* Work order *
Repeat the entries below exactly. Begin with the first line and end with the line that contains "Fit Colors 12色多功能化妆粉盘 哑光珠光高光修容腮红眼影盘套装".

(Dataset excerpts)
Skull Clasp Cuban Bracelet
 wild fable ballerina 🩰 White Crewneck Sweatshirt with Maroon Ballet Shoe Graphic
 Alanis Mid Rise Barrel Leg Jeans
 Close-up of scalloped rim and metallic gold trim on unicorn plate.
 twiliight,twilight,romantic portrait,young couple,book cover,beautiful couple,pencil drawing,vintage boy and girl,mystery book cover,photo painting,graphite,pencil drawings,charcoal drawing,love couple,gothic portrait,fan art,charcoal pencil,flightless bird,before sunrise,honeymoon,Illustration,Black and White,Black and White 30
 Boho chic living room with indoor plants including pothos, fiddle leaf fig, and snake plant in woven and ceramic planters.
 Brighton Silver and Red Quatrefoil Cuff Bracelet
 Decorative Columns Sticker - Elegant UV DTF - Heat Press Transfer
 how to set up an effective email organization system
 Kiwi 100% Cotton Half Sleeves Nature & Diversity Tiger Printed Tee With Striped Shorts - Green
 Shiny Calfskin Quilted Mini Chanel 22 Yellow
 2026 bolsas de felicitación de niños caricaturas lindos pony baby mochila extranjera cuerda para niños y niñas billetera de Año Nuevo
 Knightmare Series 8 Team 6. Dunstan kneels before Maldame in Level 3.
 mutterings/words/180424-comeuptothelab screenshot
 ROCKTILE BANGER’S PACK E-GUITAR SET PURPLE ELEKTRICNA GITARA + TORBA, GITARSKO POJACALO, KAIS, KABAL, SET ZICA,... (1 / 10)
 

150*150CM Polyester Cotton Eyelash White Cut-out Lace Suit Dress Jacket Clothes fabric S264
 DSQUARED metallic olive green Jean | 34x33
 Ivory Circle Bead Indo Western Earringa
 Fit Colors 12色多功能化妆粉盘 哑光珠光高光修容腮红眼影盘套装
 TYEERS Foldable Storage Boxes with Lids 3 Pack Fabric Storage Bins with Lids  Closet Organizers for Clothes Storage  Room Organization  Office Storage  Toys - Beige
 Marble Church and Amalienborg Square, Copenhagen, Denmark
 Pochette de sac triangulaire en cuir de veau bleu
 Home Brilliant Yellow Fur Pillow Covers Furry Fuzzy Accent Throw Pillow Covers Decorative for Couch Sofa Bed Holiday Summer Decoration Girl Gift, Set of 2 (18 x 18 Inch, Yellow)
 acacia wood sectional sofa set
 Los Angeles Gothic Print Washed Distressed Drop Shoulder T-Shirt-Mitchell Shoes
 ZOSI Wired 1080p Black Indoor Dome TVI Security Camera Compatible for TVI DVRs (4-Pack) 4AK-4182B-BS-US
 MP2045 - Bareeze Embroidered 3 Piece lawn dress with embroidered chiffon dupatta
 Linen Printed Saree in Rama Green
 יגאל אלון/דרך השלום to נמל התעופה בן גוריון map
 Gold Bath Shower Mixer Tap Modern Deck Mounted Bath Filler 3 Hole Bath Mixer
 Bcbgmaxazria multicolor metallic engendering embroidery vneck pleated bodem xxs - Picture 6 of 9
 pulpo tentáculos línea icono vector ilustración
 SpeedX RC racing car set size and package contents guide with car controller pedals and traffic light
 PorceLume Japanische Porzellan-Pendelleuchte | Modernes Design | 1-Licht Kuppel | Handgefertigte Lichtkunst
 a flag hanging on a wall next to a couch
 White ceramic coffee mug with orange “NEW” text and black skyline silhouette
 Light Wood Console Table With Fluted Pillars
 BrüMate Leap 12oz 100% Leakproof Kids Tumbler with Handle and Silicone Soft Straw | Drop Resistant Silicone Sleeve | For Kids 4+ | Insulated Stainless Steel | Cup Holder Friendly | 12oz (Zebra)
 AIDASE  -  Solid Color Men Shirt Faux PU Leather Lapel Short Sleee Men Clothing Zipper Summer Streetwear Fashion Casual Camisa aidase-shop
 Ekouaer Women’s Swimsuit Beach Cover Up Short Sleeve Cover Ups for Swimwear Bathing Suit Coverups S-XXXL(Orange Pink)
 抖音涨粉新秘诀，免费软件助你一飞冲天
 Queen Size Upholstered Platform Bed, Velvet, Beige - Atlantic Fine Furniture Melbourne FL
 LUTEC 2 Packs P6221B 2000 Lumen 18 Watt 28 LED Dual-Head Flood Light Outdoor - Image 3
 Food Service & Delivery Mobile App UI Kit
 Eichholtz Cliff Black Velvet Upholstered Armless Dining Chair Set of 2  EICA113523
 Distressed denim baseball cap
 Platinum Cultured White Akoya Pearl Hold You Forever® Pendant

* Final answer *
Skull Clasp Cuban Bracelet
 wild fable ballerina 🩰 White Crewneck Sweatshirt with Maroon Ballet Shoe Graphic
 Alanis Mid Rise Barrel Leg Jeans
 Close-up of scalloped rim and metallic gold trim on unicorn plate.
 twiliight,twilight,romantic portrait,young couple,book cover,beautiful couple,pencil drawing,vintage boy and girl,mystery book cover,photo painting,graphite,pencil drawings,charcoal drawing,love couple,gothic portrait,fan art,charcoal pencil,flightless bird,before sunrise,honeymoon,Illustration,Black and White,Black and White 30
 Boho chic living room with indoor plants including pothos, fiddle leaf fig, and snake plant in woven and ceramic planters.
 Brighton Silver and Red Quatrefoil Cuff Bracelet
 Decorative Columns Sticker - Elegant UV DTF - Heat Press Transfer
 how to set up an effective email organization system
 Kiwi 100% Cotton Half Sleeves Nature & Diversity Tiger Printed Tee With Striped Shorts - Green
 Shiny Calfskin Quilted Mini Chanel 22 Yellow
 2026 bolsas de felicitación de niños caricaturas lindos pony baby mochila extranjera cuerda para niños y niñas billetera de Año Nuevo
 Knightmare Series 8 Team 6. Dunstan kneels before Maldame in Level 3.
 mutterings/words/180424-comeuptothelab screenshot
 ROCKTILE BANGER’S PACK E-GUITAR SET PURPLE ELEKTRICNA GITARA + TORBA, GITARSKO POJACALO, KAIS, KABAL, SET ZICA,... (1 / 10)
 

150*150CM Polyester Cotton Eyelash White Cut-out Lace Suit Dress Jacket Clothes fabric S264
 DSQUARED metallic olive green Jean | 34x33
 Ivory Circle Bead Indo Western Earringa
 Fit Colors 12色多功能化妆粉盘 哑光珠光高光修容腮红眼影盘套装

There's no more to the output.